◆ MATERIAL FOR THE TASK
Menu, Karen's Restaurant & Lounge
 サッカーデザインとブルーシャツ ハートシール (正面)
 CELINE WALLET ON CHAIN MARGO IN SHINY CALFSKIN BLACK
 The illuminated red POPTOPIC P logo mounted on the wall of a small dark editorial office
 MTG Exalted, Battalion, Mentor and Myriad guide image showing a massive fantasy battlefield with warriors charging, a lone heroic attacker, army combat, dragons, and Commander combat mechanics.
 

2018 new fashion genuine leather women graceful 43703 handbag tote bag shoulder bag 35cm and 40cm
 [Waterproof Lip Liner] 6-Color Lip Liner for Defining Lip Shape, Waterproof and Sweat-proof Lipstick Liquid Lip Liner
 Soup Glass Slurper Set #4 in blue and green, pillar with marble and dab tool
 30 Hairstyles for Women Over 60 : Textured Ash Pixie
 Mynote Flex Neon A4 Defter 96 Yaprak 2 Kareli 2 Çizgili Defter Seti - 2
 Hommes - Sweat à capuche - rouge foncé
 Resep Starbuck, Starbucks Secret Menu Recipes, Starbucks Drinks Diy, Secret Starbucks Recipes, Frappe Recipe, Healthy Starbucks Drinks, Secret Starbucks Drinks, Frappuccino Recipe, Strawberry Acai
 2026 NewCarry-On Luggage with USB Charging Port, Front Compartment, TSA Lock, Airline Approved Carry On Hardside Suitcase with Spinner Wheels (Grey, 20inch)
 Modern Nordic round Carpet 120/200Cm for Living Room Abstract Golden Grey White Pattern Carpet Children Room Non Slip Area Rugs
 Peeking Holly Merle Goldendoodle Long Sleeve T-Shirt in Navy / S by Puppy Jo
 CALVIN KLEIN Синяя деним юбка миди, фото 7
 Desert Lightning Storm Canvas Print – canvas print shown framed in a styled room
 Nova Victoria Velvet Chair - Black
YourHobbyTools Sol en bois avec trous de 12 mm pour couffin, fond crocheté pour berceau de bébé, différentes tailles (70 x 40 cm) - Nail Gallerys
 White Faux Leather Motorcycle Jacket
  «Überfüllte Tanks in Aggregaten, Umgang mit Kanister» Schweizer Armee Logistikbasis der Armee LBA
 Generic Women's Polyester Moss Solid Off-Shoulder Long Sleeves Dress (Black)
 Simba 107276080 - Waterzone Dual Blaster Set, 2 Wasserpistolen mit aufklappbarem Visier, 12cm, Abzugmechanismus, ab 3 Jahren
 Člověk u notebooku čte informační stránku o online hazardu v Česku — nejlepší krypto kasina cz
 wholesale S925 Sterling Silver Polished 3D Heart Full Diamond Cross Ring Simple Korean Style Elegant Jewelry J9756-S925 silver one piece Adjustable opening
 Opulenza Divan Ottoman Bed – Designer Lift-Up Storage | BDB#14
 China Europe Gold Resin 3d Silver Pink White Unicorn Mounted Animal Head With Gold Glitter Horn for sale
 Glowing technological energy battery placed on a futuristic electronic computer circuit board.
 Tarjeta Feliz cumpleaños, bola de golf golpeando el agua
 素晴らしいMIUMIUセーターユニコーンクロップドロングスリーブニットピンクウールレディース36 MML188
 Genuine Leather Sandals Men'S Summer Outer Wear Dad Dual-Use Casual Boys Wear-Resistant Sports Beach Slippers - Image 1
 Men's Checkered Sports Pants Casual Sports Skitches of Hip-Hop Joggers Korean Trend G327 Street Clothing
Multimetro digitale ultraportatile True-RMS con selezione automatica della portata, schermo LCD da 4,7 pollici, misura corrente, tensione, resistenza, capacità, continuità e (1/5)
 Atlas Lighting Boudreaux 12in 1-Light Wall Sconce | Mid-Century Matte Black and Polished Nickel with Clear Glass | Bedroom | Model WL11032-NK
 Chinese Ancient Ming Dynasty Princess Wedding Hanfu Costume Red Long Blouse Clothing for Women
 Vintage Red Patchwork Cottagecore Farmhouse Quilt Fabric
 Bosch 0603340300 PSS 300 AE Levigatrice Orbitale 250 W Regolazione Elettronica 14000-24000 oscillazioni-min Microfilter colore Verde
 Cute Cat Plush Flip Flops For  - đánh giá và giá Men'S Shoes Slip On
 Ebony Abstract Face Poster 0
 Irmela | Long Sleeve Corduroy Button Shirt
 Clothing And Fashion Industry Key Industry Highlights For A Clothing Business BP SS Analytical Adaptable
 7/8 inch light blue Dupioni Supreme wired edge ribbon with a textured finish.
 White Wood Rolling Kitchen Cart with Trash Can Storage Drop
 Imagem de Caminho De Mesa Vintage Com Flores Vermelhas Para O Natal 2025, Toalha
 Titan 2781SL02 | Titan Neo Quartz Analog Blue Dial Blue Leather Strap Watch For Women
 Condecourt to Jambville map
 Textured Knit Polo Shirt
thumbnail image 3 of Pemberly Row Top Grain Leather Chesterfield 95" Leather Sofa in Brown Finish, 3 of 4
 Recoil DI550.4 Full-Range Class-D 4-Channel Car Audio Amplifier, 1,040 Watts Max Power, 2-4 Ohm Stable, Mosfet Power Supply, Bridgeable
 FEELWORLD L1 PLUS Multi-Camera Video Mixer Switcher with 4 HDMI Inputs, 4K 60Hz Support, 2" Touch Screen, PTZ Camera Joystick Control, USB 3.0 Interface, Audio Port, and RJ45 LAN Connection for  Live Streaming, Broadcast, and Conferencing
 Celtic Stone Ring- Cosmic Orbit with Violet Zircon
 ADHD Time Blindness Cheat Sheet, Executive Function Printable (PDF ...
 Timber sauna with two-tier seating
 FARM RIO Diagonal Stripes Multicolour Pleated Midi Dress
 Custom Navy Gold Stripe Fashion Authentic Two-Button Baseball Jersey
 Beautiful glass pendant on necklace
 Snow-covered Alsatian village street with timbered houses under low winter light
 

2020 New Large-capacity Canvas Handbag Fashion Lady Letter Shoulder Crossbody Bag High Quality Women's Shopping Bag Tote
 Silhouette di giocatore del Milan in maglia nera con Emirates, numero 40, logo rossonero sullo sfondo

◆ WHAT YOU HAVE TO DO
Reproduce the lines above, beginning at the line with "Irmela | Long Sleeve Corduroy Button Shirt" and stopping after the line with "Snow-covered Alsatian village", exactly as they are.

◆ WRITTEN SOLUTION
 Irmela | Long Sleeve Corduroy Button Shirt
 Clothing And Fashion Industry Key Industry Highlights For A Clothing Business BP SS Analytical Adaptable
 7/8 inch light blue Dupioni Supreme wired edge ribbon with a textured finish.
 White Wood Rolling Kitchen Cart with Trash Can Storage Drop
 Imagem de Caminho De Mesa Vintage Com Flores Vermelhas Para O Natal 2025, Toalha
 Titan 2781SL02 | Titan Neo Quartz Analog Blue Dial Blue Leather Strap Watch For Women
 Condecourt to Jambville map
 Textured Knit Polo Shirt
thumbnail image 3 of Pemberly Row Top Grain Leather Chesterfield 95" Leather Sofa in Brown Finish, 3 of 4
 Recoil DI550.4 Full-Range Class-D 4-Channel Car Audio Amplifier, 1,040 Watts Max Power, 2-4 Ohm Stable, Mosfet Power Supply, Bridgeable
 FEELWORLD L1 PLUS Multi-Camera Video Mixer Switcher with 4 HDMI Inputs, 4K 60Hz Support, 2" Touch Screen, PTZ Camera Joystick Control, USB 3.0 Interface, Audio Port, and RJ45 LAN Connection for  Live Streaming, Broadcast, and Conferencing
 Celtic Stone Ring- Cosmic Orbit with Violet Zircon
 ADHD Time Blindness Cheat Sheet, Executive Function Printable (PDF ...
 Timber sauna with two-tier seating
 FARM RIO Diagonal Stripes Multicolour Pleated Midi Dress
 Custom Navy Gold Stripe Fashion Authentic Two-Button Baseball Jersey
 Beautiful glass pendant on necklace
 Snow-covered Alsatian village street with timbered houses under low winter light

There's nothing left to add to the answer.